I found out that even with nginx, mariadb, php-fpm, iptables and java not running the problem persists.
I tried installing irqbalance but nothing changed. I tried restarting several times but nothing changed. I tried yum update but nothing changed. I tried swapping the ssd to another server with the same hardware but nothing changed. I tried SMART checking the ssd for problems with no errors. I checked if the problem was related to swappiness but nothing is being swapped.
The "/proc/interrupts" shows that the interrupt related to the ksoftirqd is eth0 I don't know which steps to make for troubleshooting what's causing the problem. I need help as my services hosted on this server are hurting really bad because of the downtime generated during the bursts (which can last for 10-15 minutes, stop and then reappear randomly).
top or htop does not show anything worrying running or taking that much cpu, just ksoftirqd and events.
The problem started just a few days ago, no changes were made to the kernel/OS that I am aware of that could have caused this problem.
"iostat" during the 100% load
Linux 2.6.32-696.30.1.el6.x86_64 (CentOS-69-64-minimal) _x86_64_ (16 CPU)

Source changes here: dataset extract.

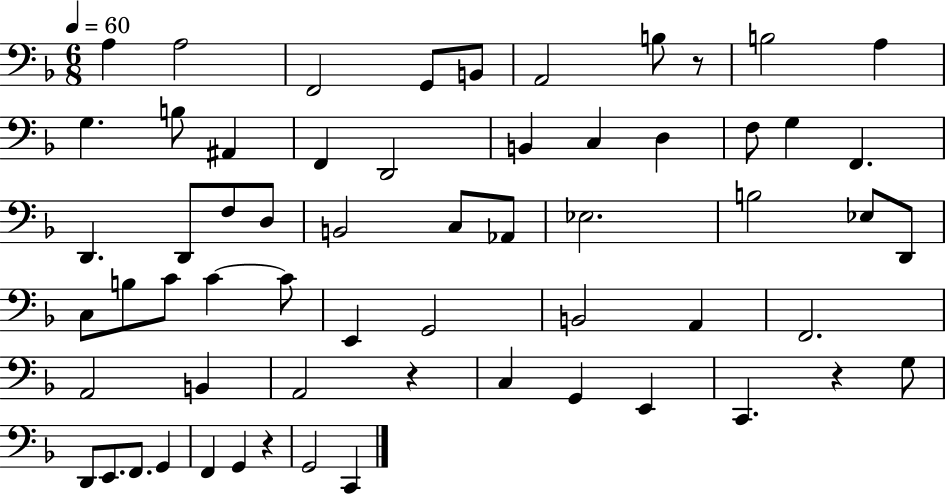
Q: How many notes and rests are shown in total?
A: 61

avg-cpu: %user %nice %system %iowait %steal %idle
8.01 0.00 3.03 0.20 0.00 88.76
Device: tps Blk_read/s Blk_wrtn/s Blk_read Blk_wrtn
sdb 83.52 18.46 1341.05 2874477 208769462
sda 94.26 435.50 1341.05 67797010 208769462
md1 0.00 0.01 0.00 2106 12
md0 0.26 0.25 1.82 38640 283096
md2 176.32 453.67 1322.56 70625762 205890864
"/proc/interrupts" during the 100% load
CPU0 CPU1 CPU2 CPU3 CPU4 CPU5 CPU6 CPU7 CPU8 CPU9 CPU10 CPU11 CPU12 CPU13 CPU14 CPU15
0: 681 0 0 0 0 0 0 0 0 0 0 0 0 0 0 0 IO-APIC-edge timer
1: 2 0 0 0 0 0 0 0 0 0 0 0 0 0 0 0 IO-APIC-edge i8042
8: 1 0 0 0 0 0 0 0 0 0 0 0 0 0 0 0 IO-APIC-edge rtc0
9: 0 0 0 0 0 0 0 0 0 0 0 0 0 0 0 0 IO-APIC-fasteoi acpi
12: 4 0 0 0 0 0 0 0 0 0 0 0 0 0 0 0 IO-APIC-edge i8042
56: 0 0 0 0 0 0 0 0 0 0 0 0 0 0 0 0 PCI-MSI-edge aerdrv
57: 0 0 0 0 0 0 0 0 0 0 0 0 0 0 0 0 PCI-MSI-edge aerdrv
58: 0 0 0 0 0 0 0 0 0 0 0 0 0 0 0 0 PCI-MSI-edge aerdrv
65: 0 0 0 0 0 0 0 0 0 0 0 0 0 0 0 0 PCI-MSI-edge xhci_hcd
66: 0 0 0 0 0 0 0 0 0 0 0 0 0 0 0 0 PCI-MSI-edge xhci_hcd
67: 0 0 0 0 0 0 0 0 0 0 0 0 0 0 0 0 PCI-MSI-edge xhci_hcd
68: 16149263 0 0 0 0 0 0 0 0 0 0 19021454 0 0 0 0 PCI-MSI-edge ahci
69: 0 0 0 0 0 0 0 0 0 0 0 0 0 0 0 0 PCI-MSI-edge ahci
70: 158827141 0 0 0 82558205 0 0 0 0 0 2755343 0 0 0 0 0 PCI-MSI-edge eth0
NMI: 0 0 0 0 0 0 0 0 0 0 0 0 0 0 0 0 Non-maskable interrupts
LOC: 123773684 105894389 123476055 142376826 111487788 122494116 118841739 134480148 113422196 121203288 114414525 114218214 114794017 119322938 115083581 119549111 Local timer interrupts
SPU: 0 0 0 0 0 0 0 0 0 0 0 0 0 0 0 0 Spurious interrupts
PMI: 0 0 0 0 0 0 0 0 0 0 0 0 0 0 0 0 Performance monitoring interrupts
IWI: 0 0 0 0 0 0 0 0 0 0 0 0 0 0 0 0 IRQ work interrupts
RES: 54086898 67527262 46597734 44323475 25356657 32869325 18540932 20137227 13606660 13955101 14826738 12242106 10962617 11082631 10466998 10574150 Rescheduling interrupts
CAL: 1258 1407 1440 1446 1474 1442 1448 1436 1436 1435 1435 1431 1438 1449 1449 1430 Function call interrupts
TLB: 8082115 6419817 4992332 3914962 5927373 4081295 4056598 2953591 4134873 3207107 3852793 5106863 3780341 3298234 3875200 3270066 TLB shootdowns
TRM: 0 0 0 0 0 0 0 0 0 0 0 0 0 0 0 0 Thermal event interrupts
THR: 0 0 0 0 0 0 0 0 0 0 0 0 0 0 0 0 Threshold APIC interrupts
MCE: 0 0 0 0 0 0 0 0 0 0 0 0 0 0 0 0 Machine check exceptions
MCP: 520 520 520 520 520 520 520 520 520 520 520 520 520 520 520 520 Machine check polls
ERR: 0
MIS: 0
Something strange I've seen on dmesg, which does not print anything problematic but this line, repeated 50 times since boot (replaced my ip with X for privacy reasons):
TCP: Peer X.XX.XXX.XXX:56847/44567 unexpectedly shrunk window 2670303830:2670305282 (repaired)
htop
https://i.stack.imgur.com/lpP1d.png
Any kind of help is appreciated, I'm really desperate to solve this right now.